Outsourcing in Deutschland

8. Februar 2007, 13:20 Uhr |

Outsourcing in Deutschland IT-Outsourcing ist auch in deutschen Chef-Etagen ein beliebtes Thema. Doch Marktforscher und Berater attestieren den hiesigen Entscheidern mangelhaftes Geschäftsverständnis und Angst vor der Globalisierung.
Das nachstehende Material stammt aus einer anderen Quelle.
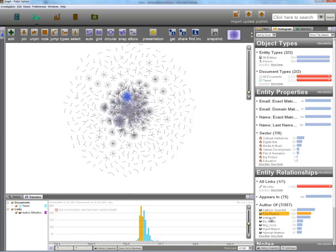Thank you for watching this presentation about how Palantir was used to analyse contributions to the Digital Culture Public Sphere Consultation.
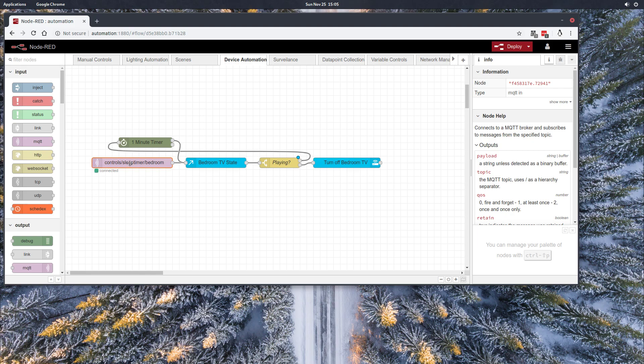So anyway, after the automation is set, when I'm laying in bed and I feel like I'm watching the last show of the night and I want the TV to turn off if I fall asleep during this show, I'll say to my Google Home: 'Hey Google, set the sleep timer for bedroom TV.'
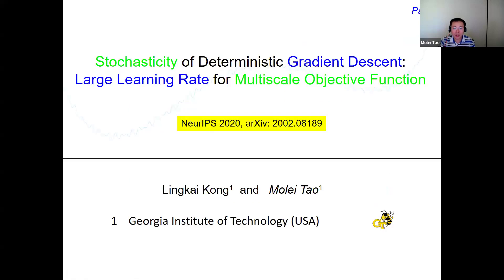Parts two and three of this talk will roughly touch upon generalization. The claim is that if your learning rate is large, then you can actually get improved generalization in some sense. Let me be concrete and start with the first part. This is a joint work with my student Linkai Kong, published a while ago in a top machine learning conference, so you can find it online.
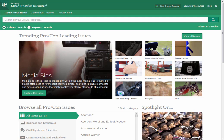The CSRS KnowledgeSource offers three diverse databases: the Issues Researcher, the Government Reporter, and the Renaissance. The Issues Researcher offers relevant, credible, pro-versus-con resources on current social issues.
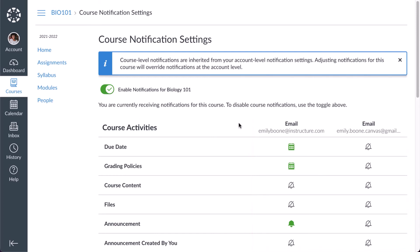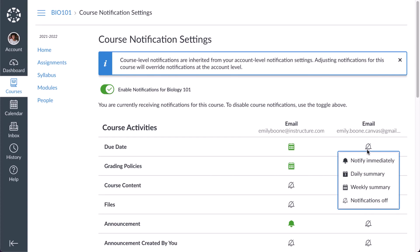Course notification sections and categories may differ from those available at the account level. However, course level settings will override notification settings at the account level for that course. To manage how often you receive notifications for a specific category and contact method, click the corresponding notification icon.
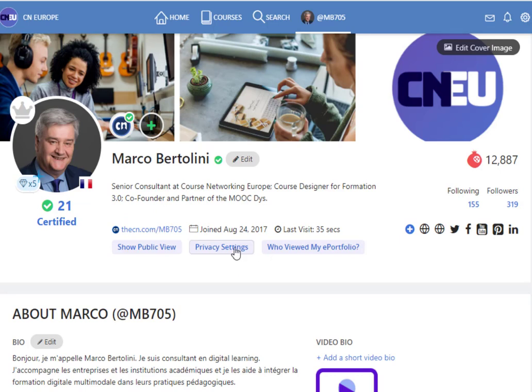If you don't want that, just click in privacy settings to make sure people cannot view your ePortfolio. Thank you for your attention.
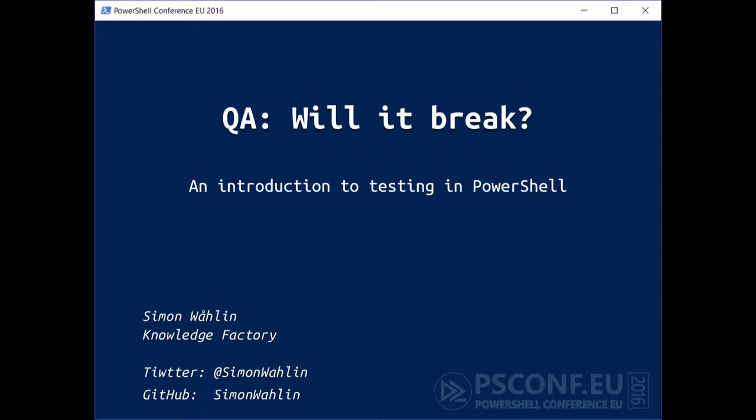Hi, welcome. My name is Simon. This session is called 'QA, Will it Break?' I have this favorite YouTube show called 'Will it Blend,' where a crazy scientist guy puts stuff in a blender. Based on that, I thought it would be a funny title to do Quality Assurance, Will it Break, instead of Will it Blend. This is my take on PowerShell testing and testing in PowerShell in general.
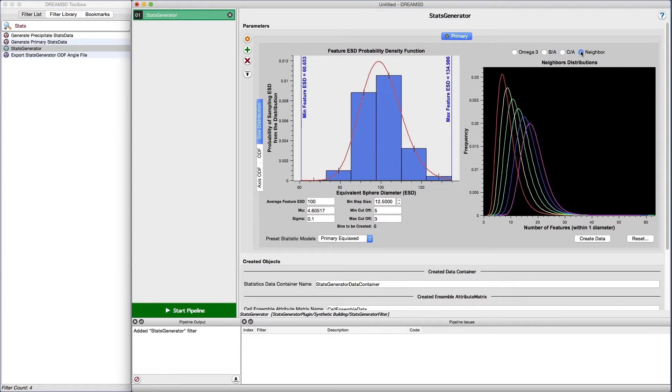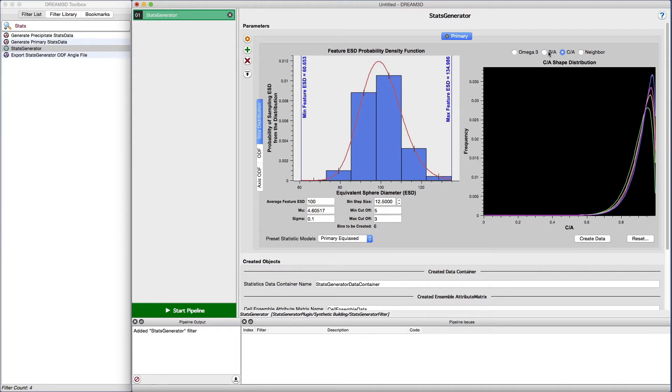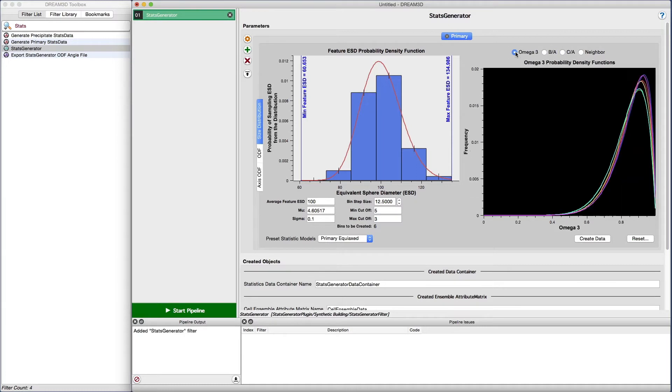The neighbor distributions tab shows the distributions that will be used to calculate the number of neighbors that a grain has. The default values for each distribution are known to generate a reasonable microstructure, and therefore we're not going to adjust any of those values today.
Outsourcing der IT ist nicht mehr wegzudenken. Schon vor zwei Jahren haben über drei Viertel der Betriebe in Deutschland mit 50 oder mehr Mitarbeitern IT-Aufgaben an spezialisierte Dienstleister als Auftrag vergeben. Bei Firmen ab 250 Mitarbeitern waren es sogar knapp 90 Prozent. Das sind Ergebnisse einer Studie der EU. Und der Trend zeigt nach oben. Neben herkömmlichem IT-Outsourcing breiten sich auch neuere Ansätze wie Utility Computing, Software as a Service, Off­shoring und Business Process Outsourcing aus – hierzulande jedoch mit langsamerem Tempo als in anderen Industriestaaten. So wird einer Studie des Marktforschungs- und Beratungshauses Gartner zufolge in Deutschland das IT-Outsourcing in diesem und im nächsten Jahr deutlich zunehmen. Bis 2010 erwarten die Auguren einen Anstieg des Marktvolumens auf 18,3 Milliarden Euro; 2006 lag es noch bei 12,1 Milliarden. Das entspricht einem durchschnittlichen jährlichen Wachstum von 8,6 Prozent.

Kostensenkung und mehr
Als Hauptgrund für die zunehmenden IT-Auslagerungen nannten 70 Prozent der Befragten den Wunsch, Kosten zu senken. Außerdem führten viele die Fokussierung auf das Kerngeschäft ins Feld und die Absicht, die eigenen Mitarbeiter für strategischere Aufgaben einzusetzen. Bislang haben jedoch nur 35 Prozent der Unternehmen eine Outsourcing-Strategie, die diesen Namen verdient. Zwar wollen viele Unternehmen in Deutschland in den nächsten Jahren bestehende Outsourcing-Projekte intensivieren oder neue starten. Doch: »Im Vordergrund stehen meist taktische Ziele wie kurzfristige Kostenersparnis«, weiß Gian­luca Tramacere, Principal Research Analyst bei Gartner. Es gebe hingegen oft keine Überlegungen, welche Ziele mit welchem Anbieter mittel- und langfristig erreicht werden sollen. Außerdem sei häufig nicht geklärt, woran der Erfolg gemessen werden soll. Europaweit nennen zwar ebenfalls stattliche 53 Prozent der Befragten Kostensenkung als Motiv für IT-Outsourcing, aber daneben haben auch andere Aspekte einen hohen Stellenwert. Knapp 50 Prozent halten Flexibilität und die ­Be­schleuni­gung der Geschäftsprozesse für wichtige Gründe. In Deutschland sehen das nur 42 Prozent der Befragten so. Tramacere kritisiert die Überbewertung des Kostenaspekts: »Outsourcing-Verträge, die in erster Linie aufgrund von kurzfristigen Kostenaspekten abgeschlossen worden sind, werden mittelfristig mit einer hohen Wahrscheinlichkeit scheitern.« Wesentlich für erfolgreiches IT-Outsourcing seien angemessene Service Levels, Flexibilität und Verständigung zwischen den Vertragspartnern. Die stärksten Zuwächse beim Outsourcing erwarten die Marktbeobachter von Gartner in den Bereichen Help Desk, Storage, Disaster Recovery und Anwendungssoftware. Bei Finanzdienstleistern etwa gebe es noch viele Legacy-Anwendungen, deren Wartung immer kostspieliger werde. Hier könnten Application Service Provider attraktive Lösungen bereitstellen.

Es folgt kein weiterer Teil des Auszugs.